Image-text web data:
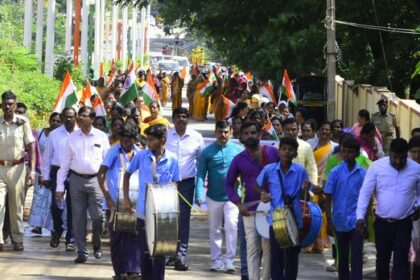 ಹರ್ ಘರ್ ತಿರಂಗಾ ಅಭಿಯಾನ   ನಗರದಲ್ಲಿ ಗಮನ ಸೆಳೆದ “ತಿರಂಗಾ ಯಾತ್ರೆ”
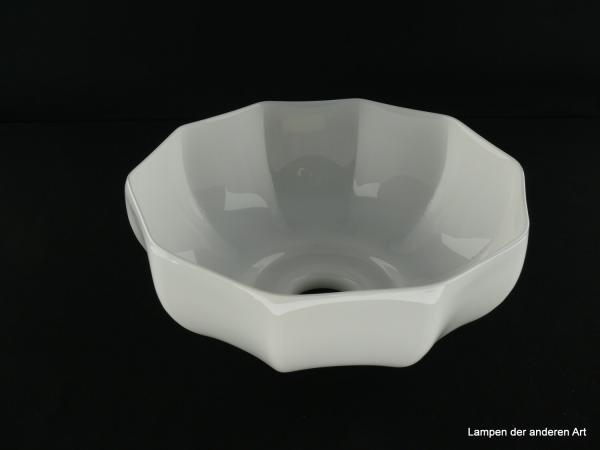 Jugendstil Lampenschirm gebraucht, Glas weiß, gestufte Schulter, gekniffene bauchige Wandung, Nostalgie Ersatzschirm D: ca.25cm, H: ca.11cm, Glashalter Griffrand 6cm, von unten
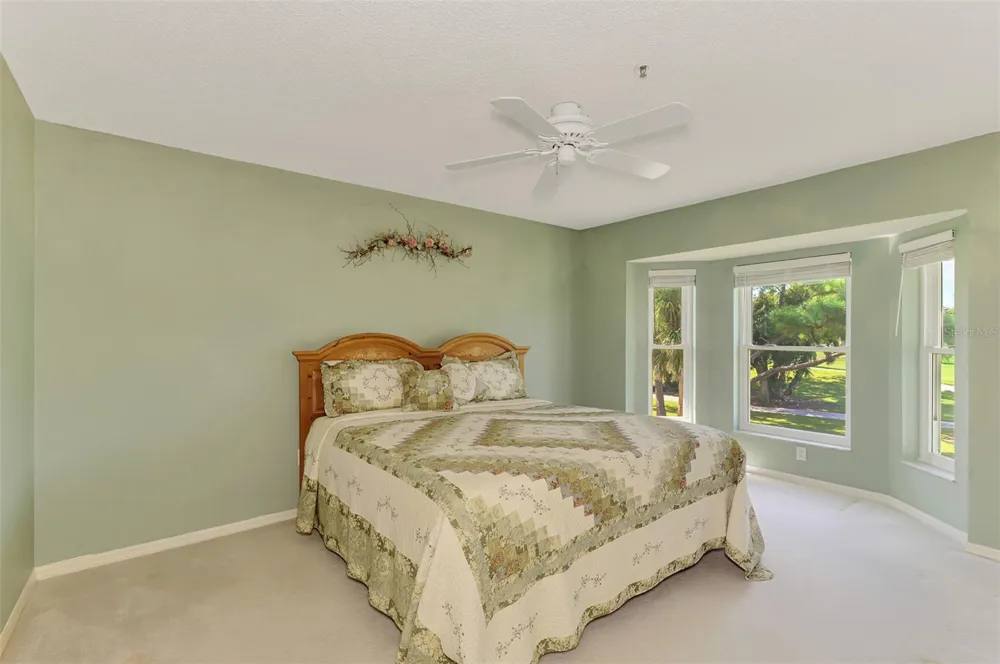 6904 DREWRYS BLUFF #807 Bradenton, FL 34203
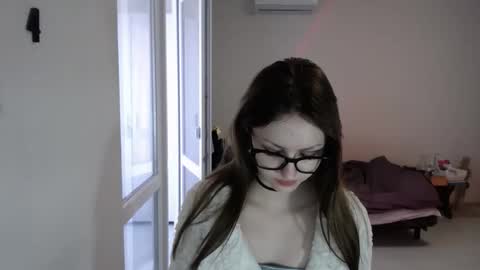 kirakittenn online show from October 25, 8:44 am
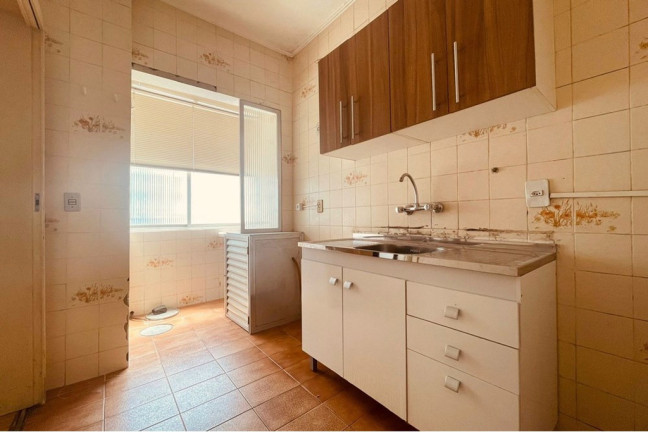 Imagem Apartamento com 1 Quarto à Venda, 28 m² em Centro Histórico - Porto Alegre Imagem Apartamento com 1 Quarto à Venda, 28 m² em Centro Histórico - Porto Alegre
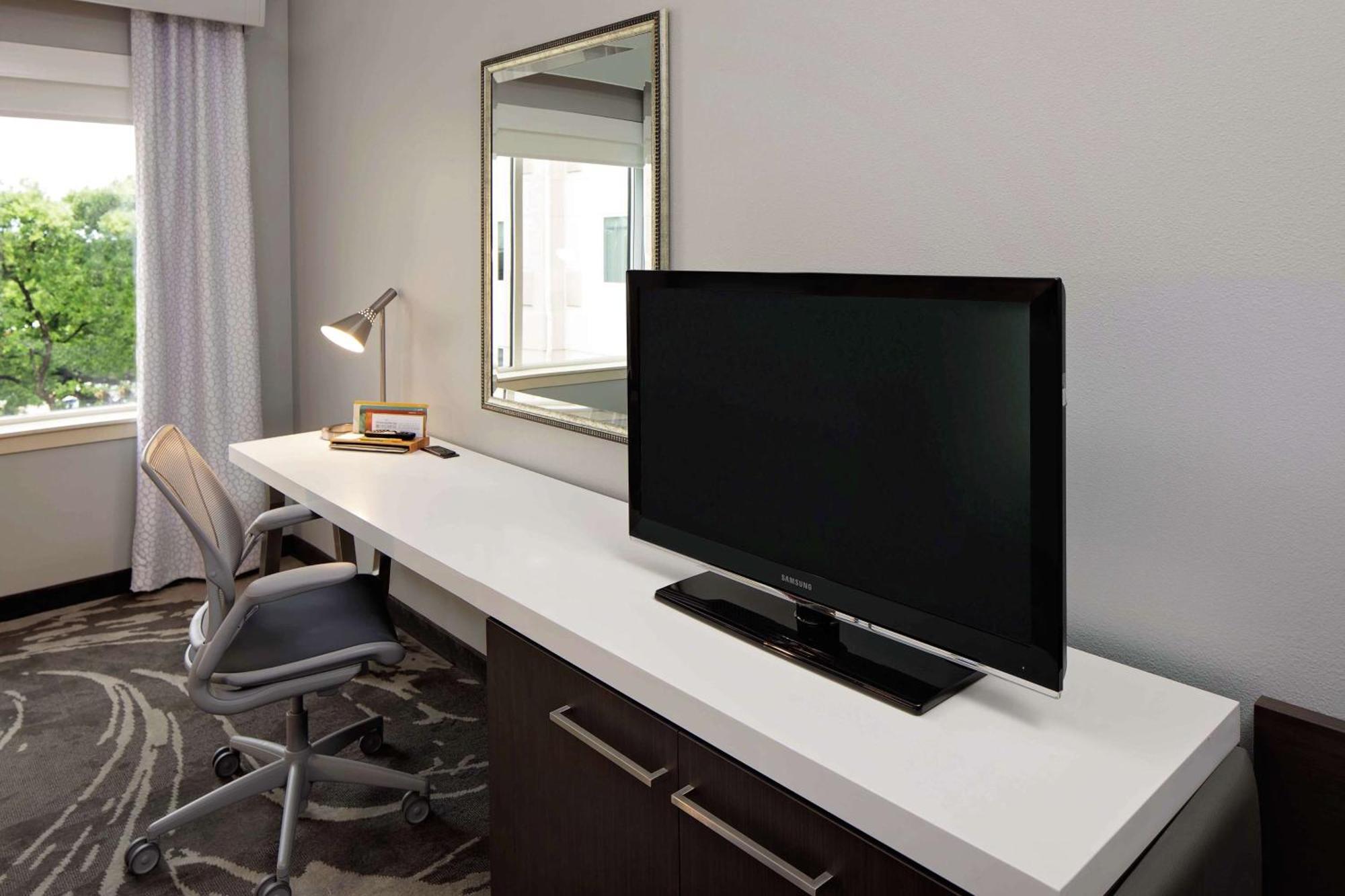 Hilton Garden Inn Dfw Airport South Irving Extérieur photo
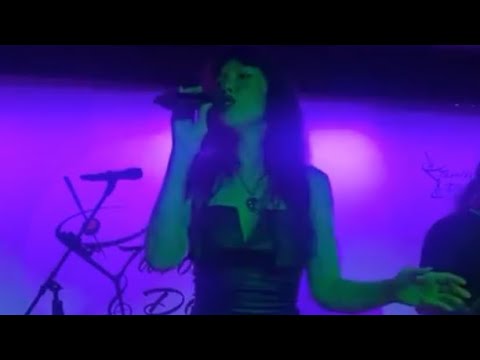 Whitney Houston tribute “I Have Nothing” live by Nayla Scalia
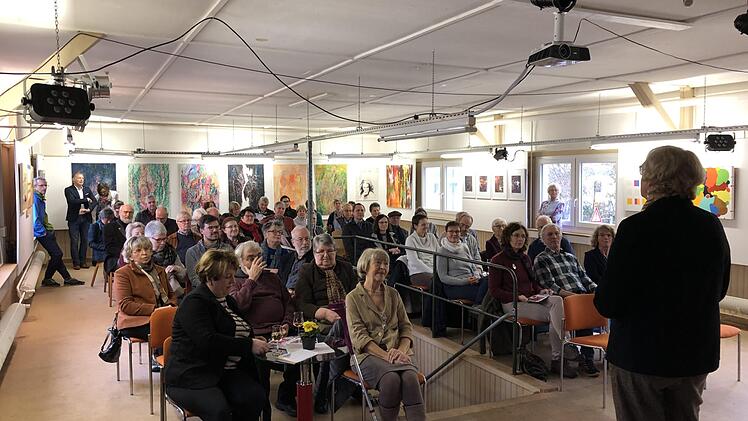 Knapp die Hälfte der insgesamt 120 Mitglieder war zum Neujahrsempfang in die Galerie Form und Farbe gekommen. Foto: Hans Dietrich Unger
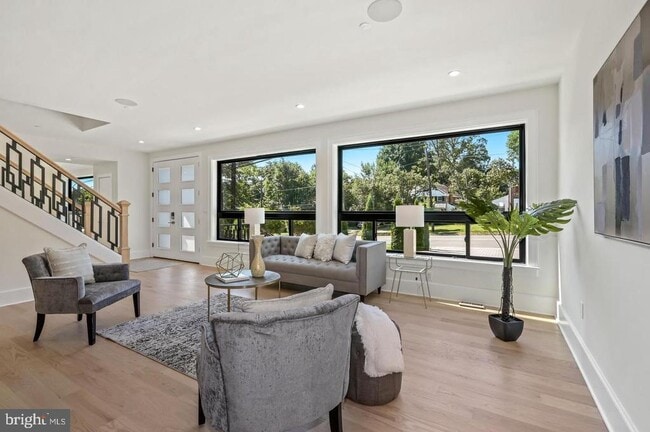 Photo - 5805 Massachusetts Ave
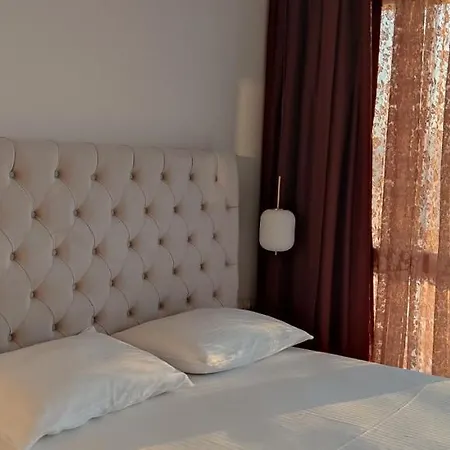 Pirgos Stelida Hotel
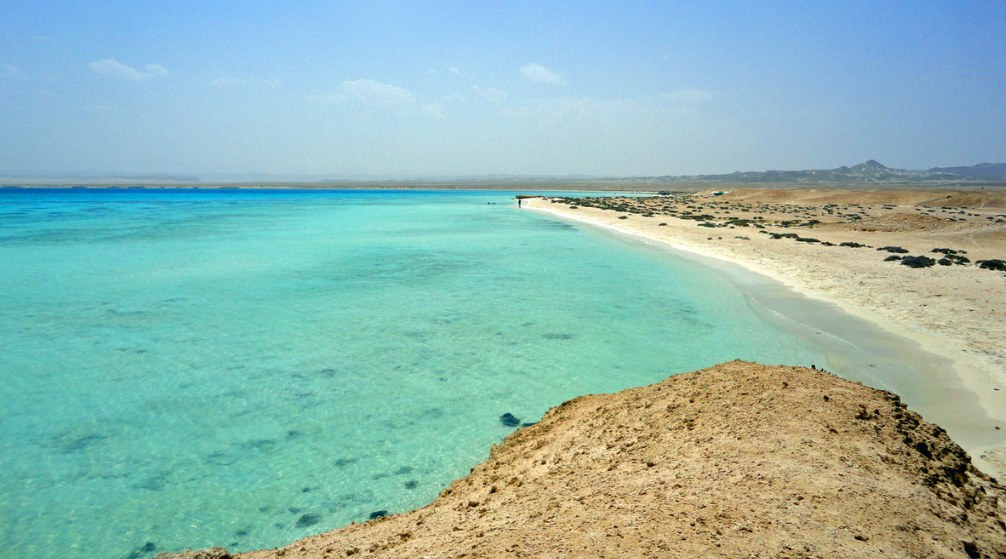 Sharm El Luli Half day snorkeling excursion from El Quseir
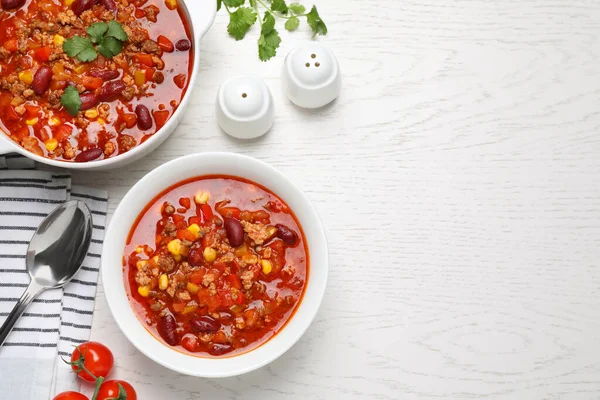 Saboroso Chili Con Carne Servido Mesa Madeira Branca Flat Lay — Fotografia de Stock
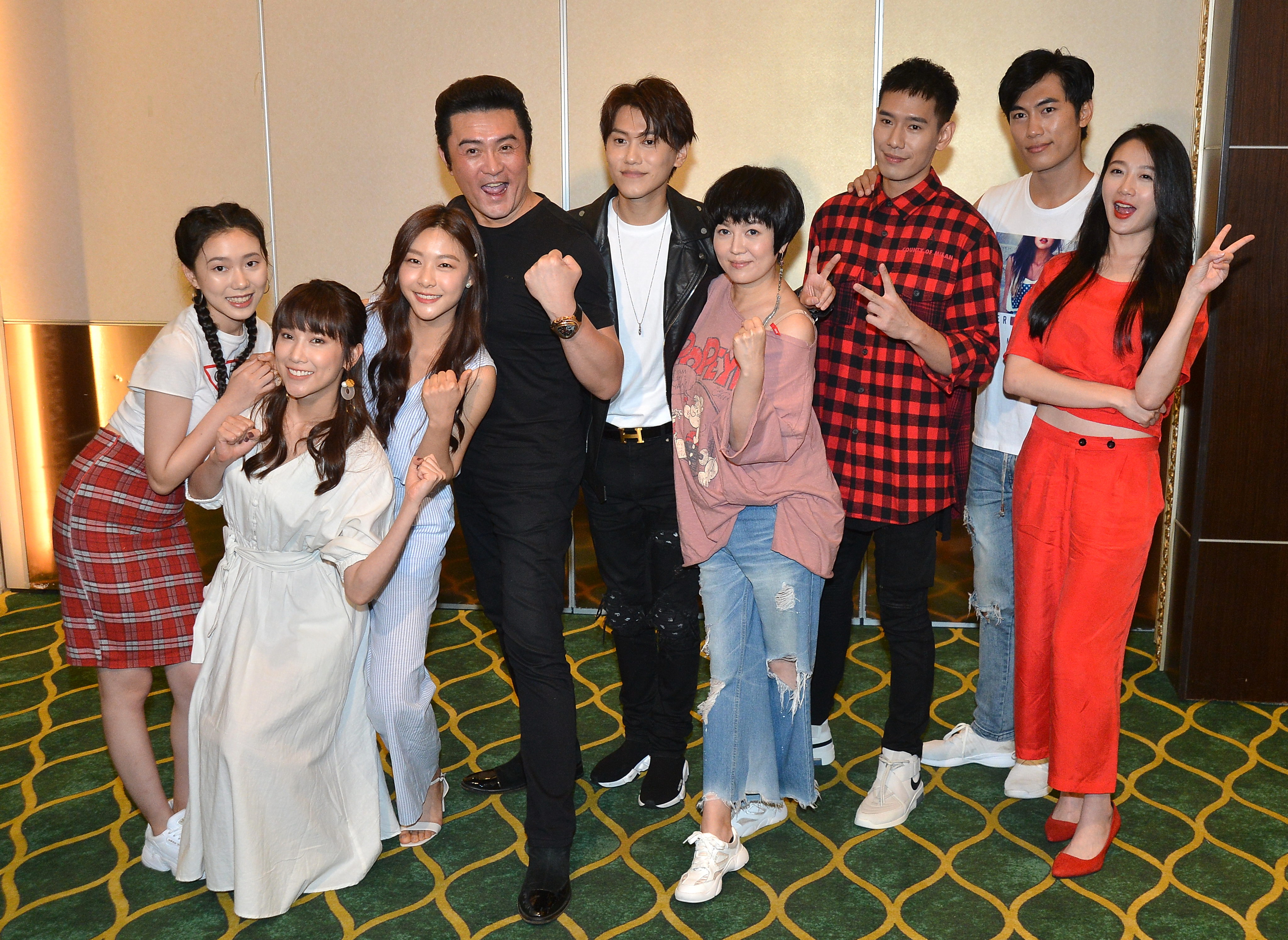 《一起幹大事》殺青酒，老少演員齊出席。（八大提供）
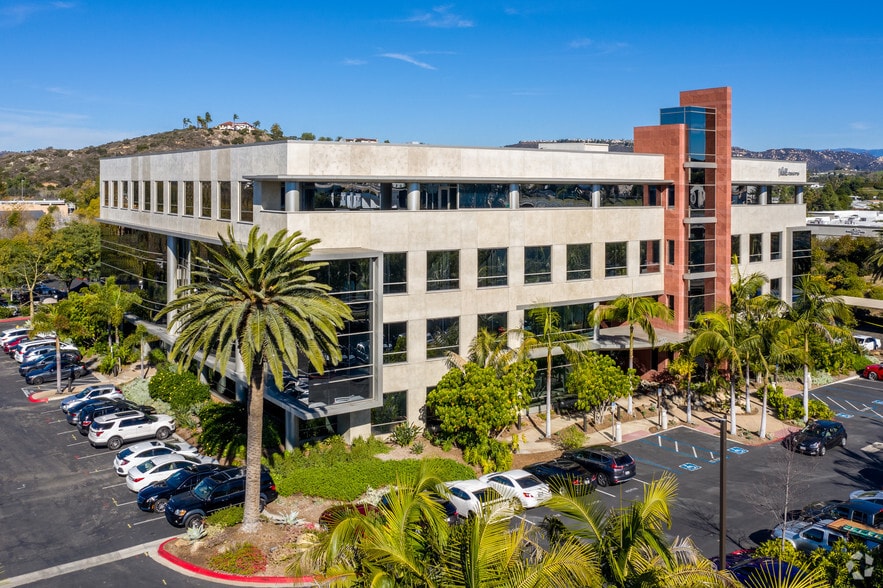 300 Rancheros Dr, San Marcos, CA for lease - Building Photo - Image 3 of 14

TASK:
Each entry is to be output exactly, and no picture is to appear.

SOLVED PROBLEM:
 ಹರ್ ಘರ್ ತಿರಂಗಾ ಅಭಿಯಾನ   ನಗರದಲ್ಲಿ ಗಮನ ಸೆಳೆದ “ತಿರಂಗಾ ಯಾತ್ರೆ”
 Jugendstil Lampenschirm gebraucht, Glas weiß, gestufte Schulter, gekniffene bauchige Wandung, Nostalgie Ersatzschirm D: ca.25cm, H: ca.11cm, Glashalter Griffrand 6cm, von unten
 6904 DREWRYS BLUFF #807 Bradenton, FL 34203
 kirakittenn online show from October 25, 8:44 am
 Imagem Apartamento com 1 Quarto à Venda, 28 m² em Centro Histórico - Porto Alegre Imagem Apartamento com 1 Quarto à Venda, 28 m² em Centro Histórico - Porto Alegre
 Hilton Garden Inn Dfw Airport South Irving Extérieur photo
 Whitney Houston tribute “I Have Nothing” live by Nayla Scalia
 Knapp die Hälfte der insgesamt 120 Mitglieder war zum Neujahrsempfang in die Galerie Form und Farbe gekommen. Foto: Hans Dietrich Unger
 Photo - 5805 Massachusetts Ave
 Pirgos Stelida Hotel
 Sharm El Luli Half day snorkeling excursion from El Quseir
 Saboroso Chili Con Carne Servido Mesa Madeira Branca Flat Lay — Fotografia de Stock
 《一起幹大事》殺青酒，老少演員齊出席。（八大提供）
 300 Rancheros Dr, San Marcos, CA for lease - Building Photo - Image 3 of 14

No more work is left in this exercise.